Based on this discussion, the causal DAG for the relationship between piece count, price, and rating is as follows.

In [38]:
graph = nx.DiGraph()
graph.add_edges_from([
    ("Piece count", "Price"),
    ("Piece count", "Rating"),
    ("Price", "Rating")
])
In [39]:
fig, ax = plt.subplots()

POS = {
    "Piece count": (1, 1),
    "Price": (0, 0.5),
    "Rating": (1, 0)
}
LABEL_POS = {
    "Piece count": (0.97, 1.075),
    "Price": (0, 0.575),
    "Rating": (1, -0.075)
}

nx.draw_networkx_nodes(graph, pos=POS, ax=ax);
nx.draw_networkx_edges(graph, pos=POS, ax=ax);
nx.draw_networkx_labels(graph, pos=LABEL_POS, ax=ax);

ax.set_xticks([]);
ax.set_yticks([]);
ax.set_aspect('equal');

This discussion of causality is certainly interesting and may be worth future exploration, but we will not take the causal perspective for the rest of this post. Rather, our models will be interpreted descriptively, as tools that help us summarize the ratings of various groups of Lego sets.

We conclude our exploratory data analysis by seeing where the ratings of the sets I own fall in the distribution of all rated sets.

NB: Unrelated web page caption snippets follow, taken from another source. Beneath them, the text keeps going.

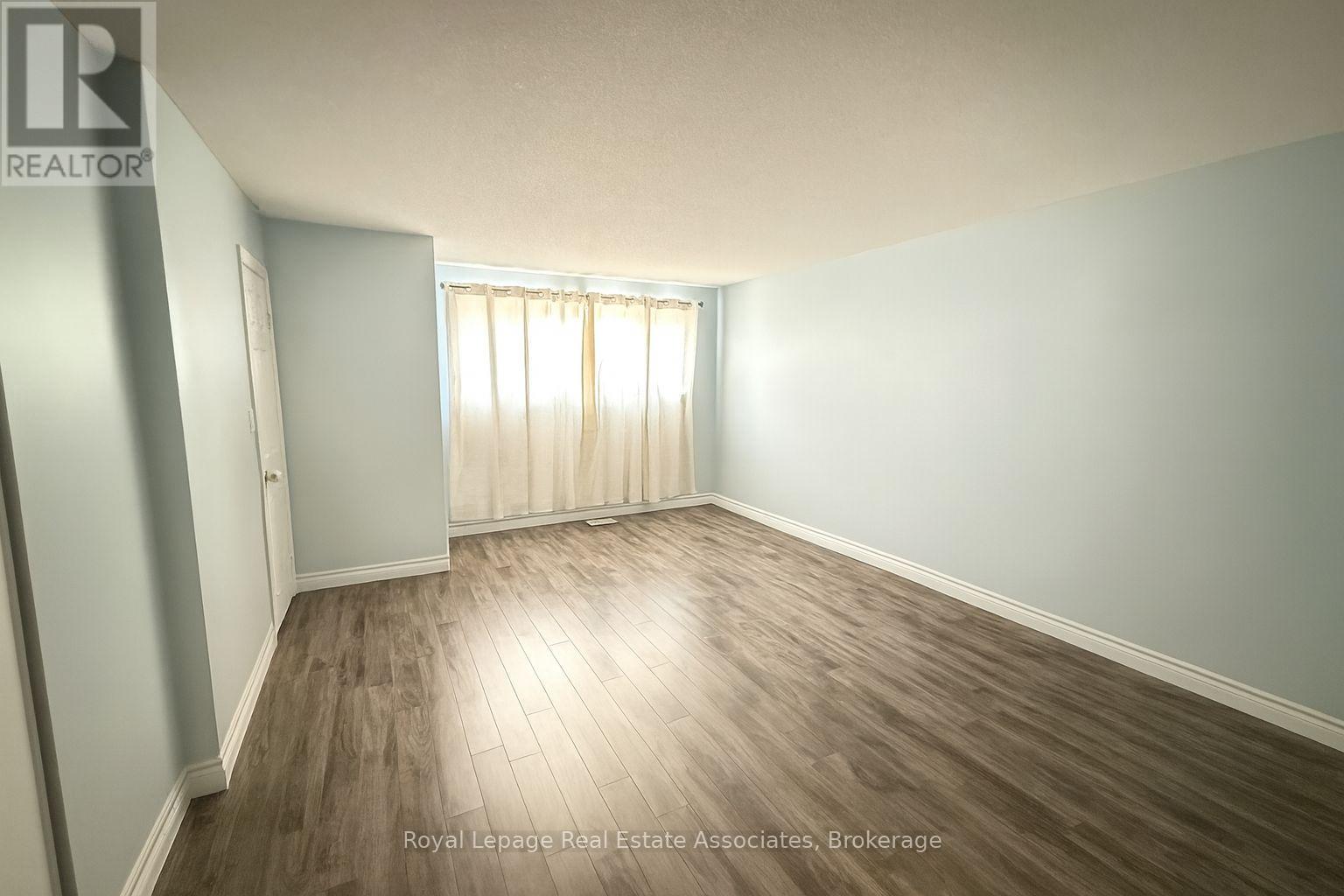 34 - 1675 Upper Gage Avenue, Hamilton, Ontario  L8W 3R8 - Photo 11 - X12441468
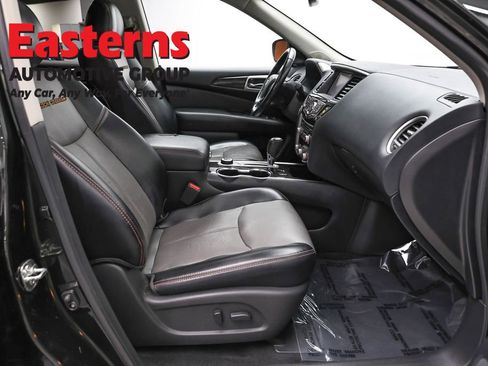 Used 2020 Nissan Pathfinder SL AWD/4WD image 28
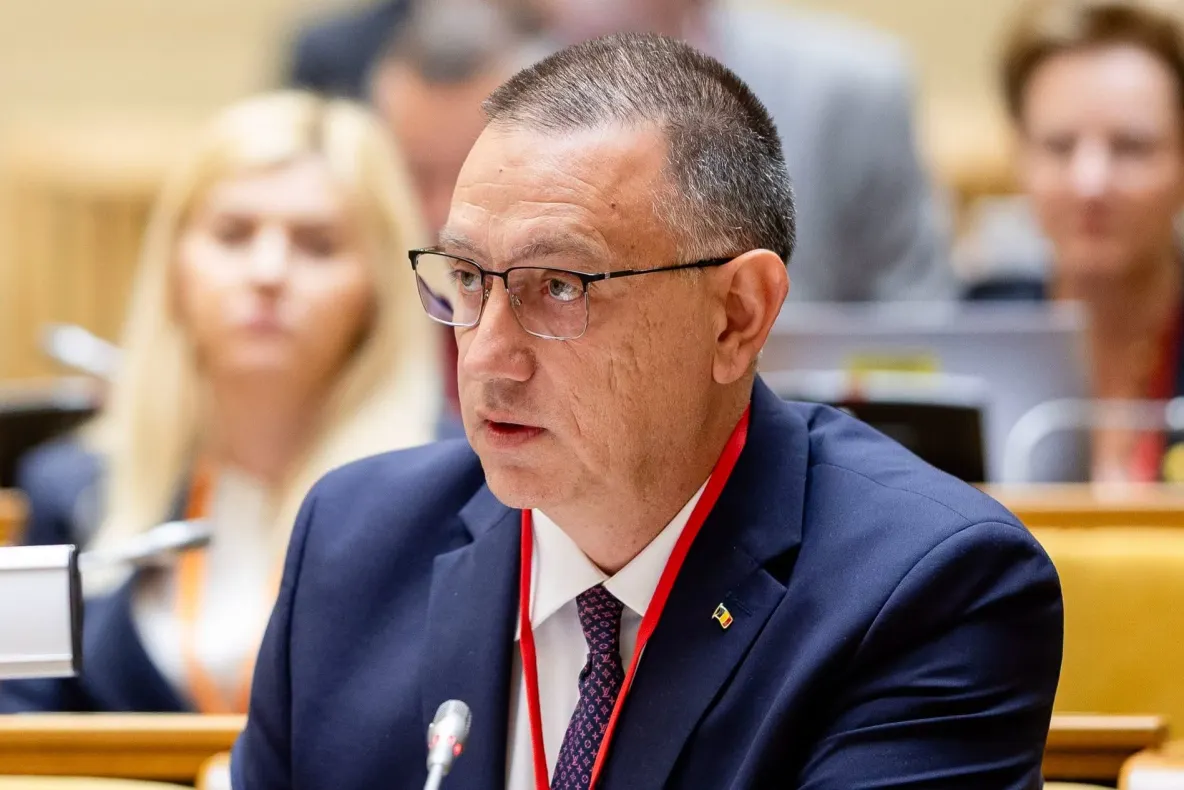 Fifor îl interpelează pe Miruță: ce căutau trei generali la audierea din Parlament?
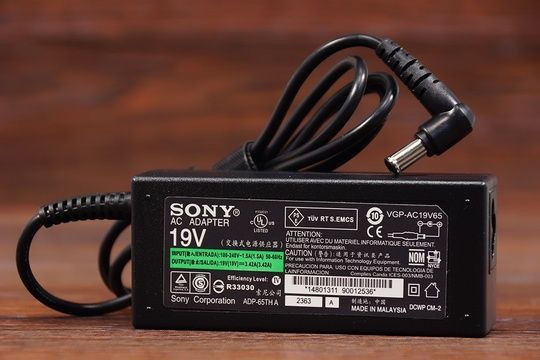 Блок живлення для ноутбука SONY 65W 19V 3.42A (6.5*4.4)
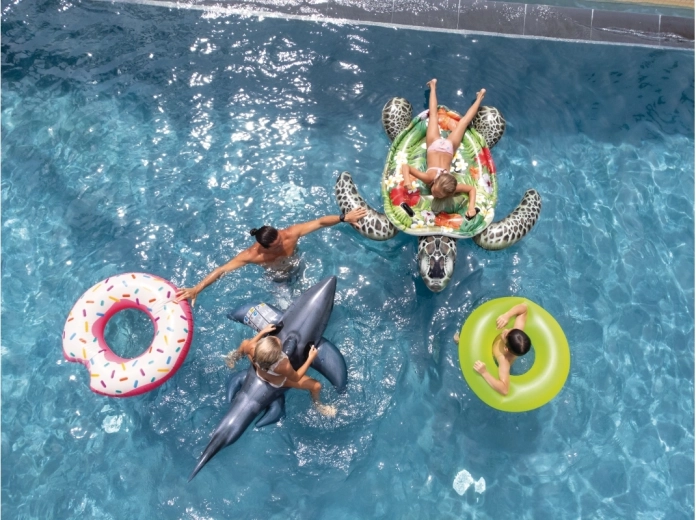 Udobna površina za ležanje in igro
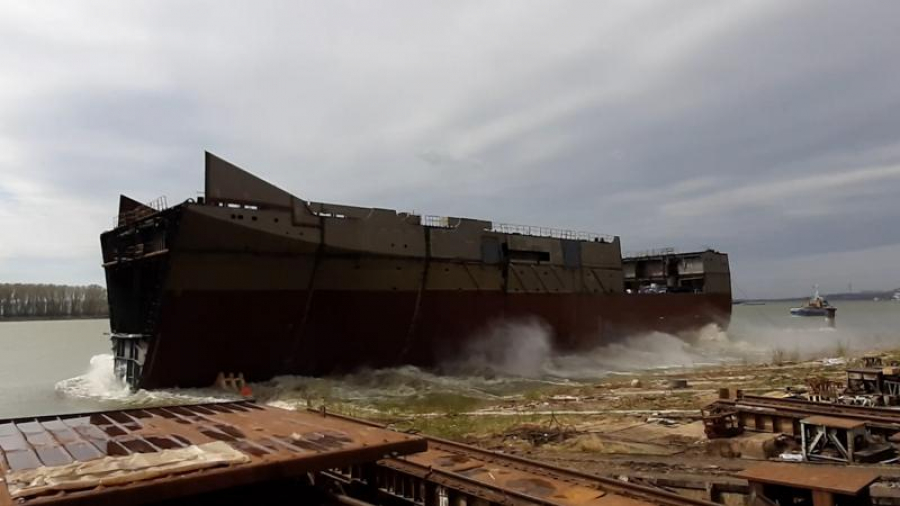 Nava militară olandeză „Den Helder”, lansată la apă la Damen Galați (FOTO)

It appears that most of my sets are rated above average, because, of course, I have excellent taste.

In [40]:
ax = sns.kdeplot(rated_df["Average rating"])

sns.rugplot(rated_df["Average rating"],
            height=0.05, c='C0', ax=ax);
ax.axvline(rated_df["Average rating"].mean(),
           c='C0', ls='--', label="Average (all sets)");

sns.rugplot(
    rated_df[rated_df["Austin owns"]]
            ["Average rating"],
    height=0.05, c='C1', ax=ax
);
ax.axvline(
    rated_df[rated_df["Austin owns"]]
            ["Average rating"]
            .mean(),
    c='C1', label="Average (my sets)"
);

ax.set_yticks([]);
ax.legend();

Modeling Ratings

We will now build a few Bayesian models gradually incorporating the relationships we found during exploratory data analysis. The appropriate model for this type of data (ratings on a one-to-five star scale) is an ordinal regression model. While the ratings are ostensibly numerical, and we may be tempted to model them using, for example, a normal likelihood, an ordinal regression model is more appropriate. While it is fairly safe to assume that a set I like a set that I give four stars better than a set that I give five starts, it is a much bigger assumption to say that the difference in how much I like these two sets is exactly the same as the difference between two sets that I rate with four and five stars just because $4 - 3 = 5 - 4$. Ordinal regression is a flexible model that acknowledges that the responses are ordered, but allows the distance between the categories of response to vary.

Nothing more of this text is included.